The concept of the exile (phygas) seeking armed restoration was familiar to Greek audiences. Greek political life was characterized by factional conflict, and exiled leaders frequently returned with foreign armies to reclaim their positions. The tyrant Peisistratus returned to Athens three times, the last time with military force. The Spartans installed and removed governments in other Greek cities through military intervention. Polynices's march on Thebes with an Argive army fit a recognizable political pattern, making his story both mythologically resonant and politically immediate.

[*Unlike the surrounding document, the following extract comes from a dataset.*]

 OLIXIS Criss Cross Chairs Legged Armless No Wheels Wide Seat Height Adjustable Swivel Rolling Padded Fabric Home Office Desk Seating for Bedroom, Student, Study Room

The figure of Polynices also intersected with Athenian attitudes toward Thebes specifically. Athens and Thebes were historical rivals, and the Theban saga's depiction of Thebes as a city prone to dynastic dysfunction and civil destruction served Athenian interests by reinforcing the contrast between democratic Athens and autocratic Thebes. The treatment of Polynices — the exile who brings a just claim but unjust methods — allowed Athenian dramatists to explore the moral ambiguity of political violence without directly addressing Athenian politics.

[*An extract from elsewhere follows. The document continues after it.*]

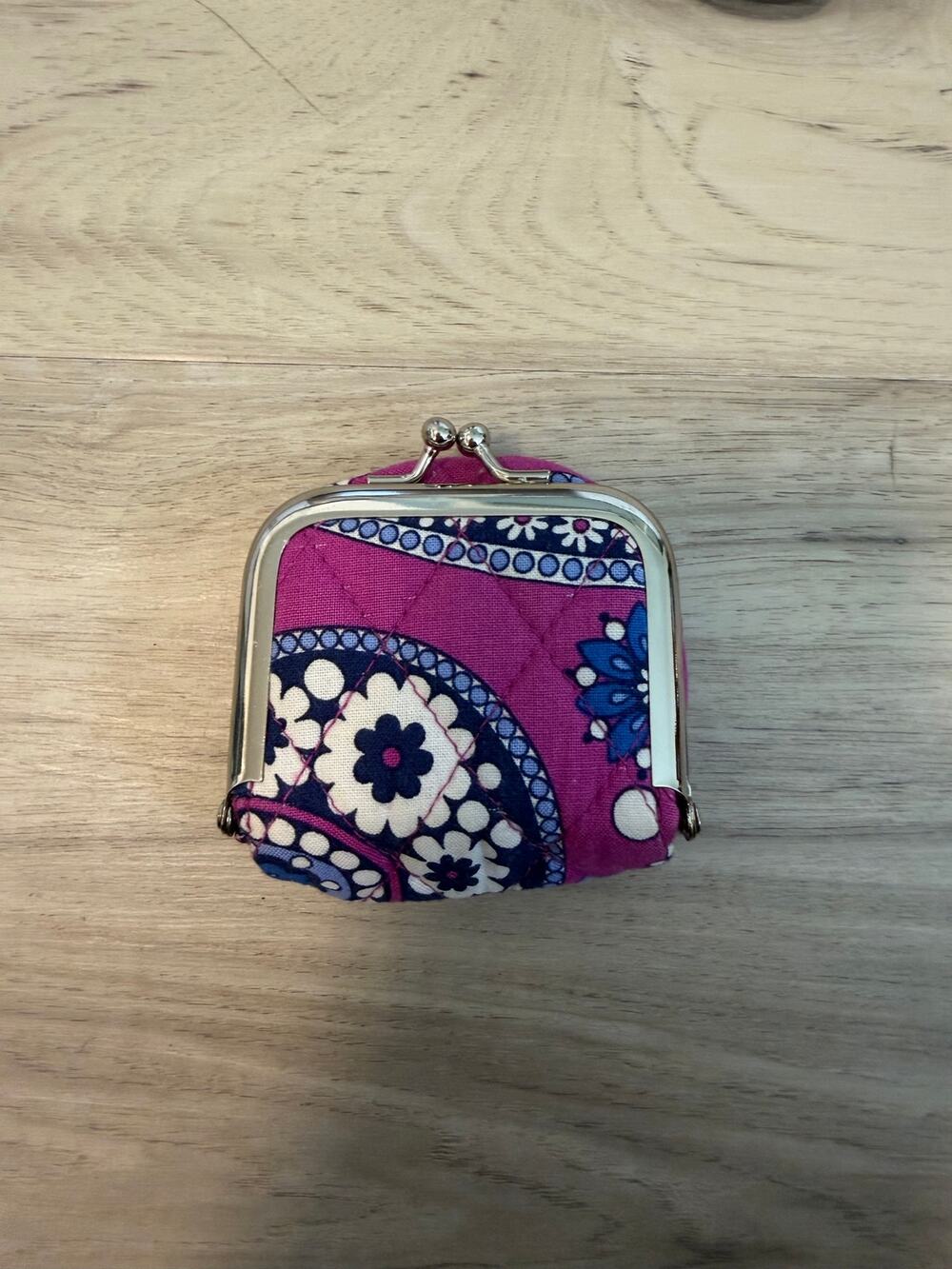 Vera Bradley Lipstick Mirror Case Kiss Lock Coin Purse Retired Boysenberry Print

Euripides's Phoenician Women (circa 410 BCE) provides the fullest dramatic treatment of Polynices as a character. Unlike Aeschylus, who focuses on Eteocles, Euripides gives Polynices a sympathetic voice. In the debate scene (lines 469-586), Polynices argues his case before Jocasta with evident sincerity: he wants only what was promised him, and he has suffered the humiliations of exile — poverty, dependence on others, loss of free speech. Eteocles responds with a cynical defense of power for its own sake. The audience is positioned to sympathize with Polynices even while recognizing that his methods (bribery, foreign invasion) undermine his moral authority.
Cross-Tradition Parallels
The exile who raises an army to reclaim what a brother has stolen — who has justice on his side and disaster in his methods — appears across the mythological record with a consistency that marks it as a structural question every tradition must answer: what does it mean when the right cause produces the wrong war? Polynices's story is a case study in legitimate grievance pursued through illegitimate means, and the way other traditions handle the same structural situation reveals what each culture found most morally urgent about civil conflict.

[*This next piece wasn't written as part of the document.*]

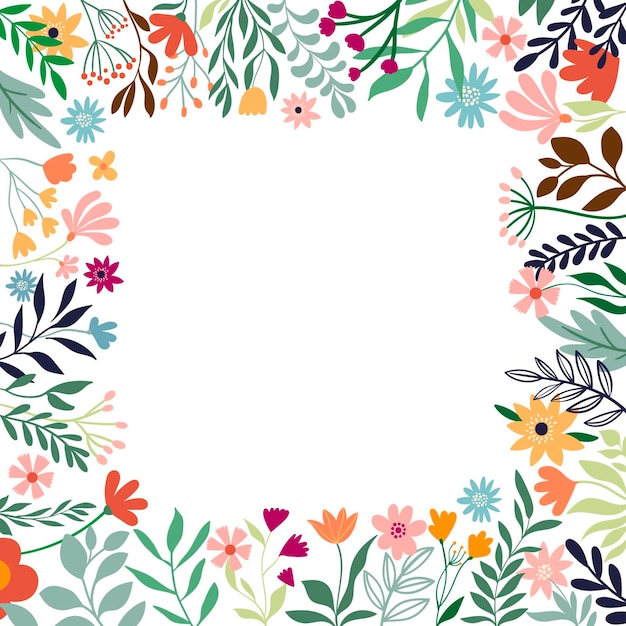 Ornamental floral border decorative frame with different flowers and plants template for summer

Hindu — The Pandavas' Exile and the War That Justice Required
The Mahabharata's central arc — the Pandavas' twelve years of forest exile followed by a year in hiding, after Yudhishthira gambled away the kingdom in a rigged dice game (Sabha Parva, circa 400 BCE-400 CE) — follows the same structural logic as Polynices's story almost step by step. A rightful claimant is dispossessed through deception. He retreats into exile. He assembles allies, including a powerful king (Drupada for the Pandavas, Adrastus for Polynices). He returns with a massive allied force. He fights his cousins. Everyone nearly dies. The divergence that illuminates the Greek version: the Pandavas win. Polynices and Eteocles kill each other. The Mahabharata allows that a just war, properly waged under divine guidance (with Krishna as charioteer and theological counselor), can achieve its goal even at catastrophic cost. The Theban tradition denies this. When the exiled claimant raises his army at Thebes, the gods do not send a counselor to clarify the moral stakes — they send a prophet who already knows everyone will die. The Greek answer to the just exile's war is bleaker than the Indian one: there is no Krishna, and justice and victory are not guaranteed to coincide.
Biblical — Absalom and the Son Who Cannot Wait
Second Samuel 13-18 (circa 9th-8th century BCE redaction) narrates the rebellion of Absalom, David's son, against his father. Absalom was exiled for killing his half-brother Amnon in revenge for Amnon's rape of Absalom's sister Tamar. After returning from exile, Absalom raises a military force against David and temporarily captures Jerusalem. The structural parallel to Polynices: the exile returns with an army to claim power he believes is his. The structural divergence: Absalom's grievance is genuinely murky — he has avenged a real wrong (Amnon's rape of Tamar, which David failed to punish), but his means have escalated from private vengeance to national rebellion. Polynices has a cleaner case — a specific broken promise, not a chain of reactive violence. Absalom dies in the field (his hair catches in a tree; Joab kills him despite David's orders). Polynices dies on the field. Both traditions deny the exiled claimant his restoration. But the Hebrew text frames Absalom's rebellion as fundamentally tragic and frames David's grief as genuine. The Greek tradition does not grant Polynices a mourning father — Oedipus's curse wished this outcome.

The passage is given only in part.